Tuesday, March 21, 2017

Girlboss and Postfeminism

Sarah Banet-Weiser’s 2003 article “What’s Your Flava: Race and Postfeminism in Media Culture” felt incredibly prescient to this decade. Last week, Sophia Amoruso, of “NastyGal” fame and now of “Girlboss” notoriety, held her eponymous “Girlboss Rally”, inviting hundreds of women to participate in a day-long festival of women-entrepreneurs talking about their climb to success (at an eye-watering $400 per ticket).
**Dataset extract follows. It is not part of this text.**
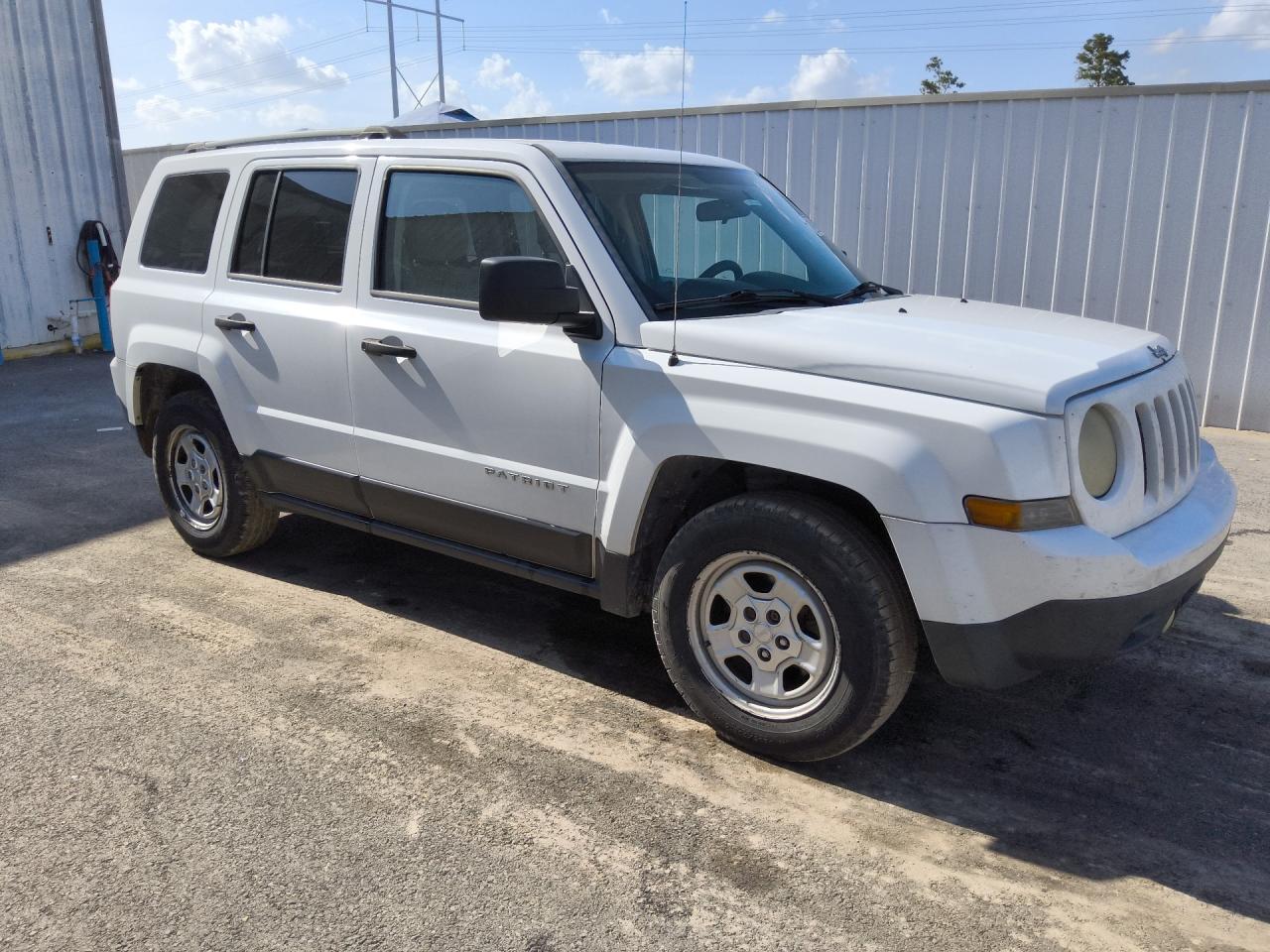2014 Jeep Patriot Sport White vin: 1C4NJPBA2ED881382 Damage: Right Front Fender, Chipped, 5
But Girlboss perhaps epitomises this “postfeminism” that Banet-Weiser alludes to, as “the normalisation of feminist… which prevent[s] it from existing as a discrete politics; rather it emerges as a kind of logan or generalised ‘brand’.” (208). In her autobiography, “Girlboss”, Amoruso writes “Is 2014 a new era of feminism where we don’t have to talk about it? I don’t know, but I want to pretend it is”, thereby fulfilling Banet-Weiser’s “denunciation...when feminism is acknowledged but in a trivialised fashion, shelved as something that may have been useful in the past but is clearly out of date in today’s world” (207). In one fell swoop, Amoruso has capitalised on a commercialised feminism, and also undermined its necessity in contemporary society. Amoruso acknowledged the commercial power of feminism in an interview with magazine Elle, and tried to substitute it for her own new “cooler” brand of feminism; “I think it’s a fine word, but I think the most feminist thing to do is just to show up and be a #GirlBoss. Maybe #GirlBoss is a new word for feminism.” This can be put down to what Malcolm Gladwell writes as the value and aesthetic of “cool”, that is;
“The Cool Girl Feminist doesn’t insist that men and women should be equal. The Cool Girl doesn’t even suggest there’s anything wrong with the man-woman hierarchy as it stands. All the Cool Girl demands is that she be seen as an exception, superior to other women because she alone has the insight to grasp that women really do exist for the pleasure of men. Like the dirty big sister of the May Queen, the Cool Girl’s distinguishing feature is that she’s not like the others.” (Sarah Ditum, “Against Cool Girl Feminism”, The New Statesman, http://www.newstatesman.com/sarah-ditum/2014/03/against-cool-girl-feminism).
As Butler notes, "it is precisely because women are now required to participate in the labor market and the public sphere that postfeminism emerges to resecure the gender order" (46). Perhaps most damning of all to the brand of “postfeminism”, is that Kellyanne Conway personally describes herself as one, saying “I consider myself a postfeminist. I consider myself one of those women who is a product of her choices, not a victim of her circumstances.”; http://nymag.com/thecut/2017/01/kellyanne-conway-considers-herself-a-postfeminist.html . Kellyanne Conway once wrote that “femininity is replacing feminism as a leading attribute for American women… if women really want to be taken seriously in the workforce these days, looking feminine is a good way to start”, - thereby rooting herself in “girlie feminism”, advocating consumer-based cultural activism. Equally notorious this week is mini-Kellyanne-Conway-in-training, Toni Lahren’s suspension from her own channel, for speaking out for pro-choice in the most post-feminist, neoliberal, libertarian manner she could muster; “You know what? I’m for limited government, so stay out of my guns, and you can stay out of my body as well”.

1 comment:

  1. Kathy, this is a really helpful layout of today's cultural landscape across which #girlboss-ness is supplanting a more politicized feminism. I certainly agree with your denunciations following Banet-Weiser of the corporate post-feminisms incarnated in people like Sophia Amoruso, Kellyanne Conway, and Toni Lahren. Presumably we can add Ivanka Trump to this list (I'd be interested to hear if anyone disagrees!) and look to the differences between her and Melania Trump to shed light on the plurality of orientations within postfeminism.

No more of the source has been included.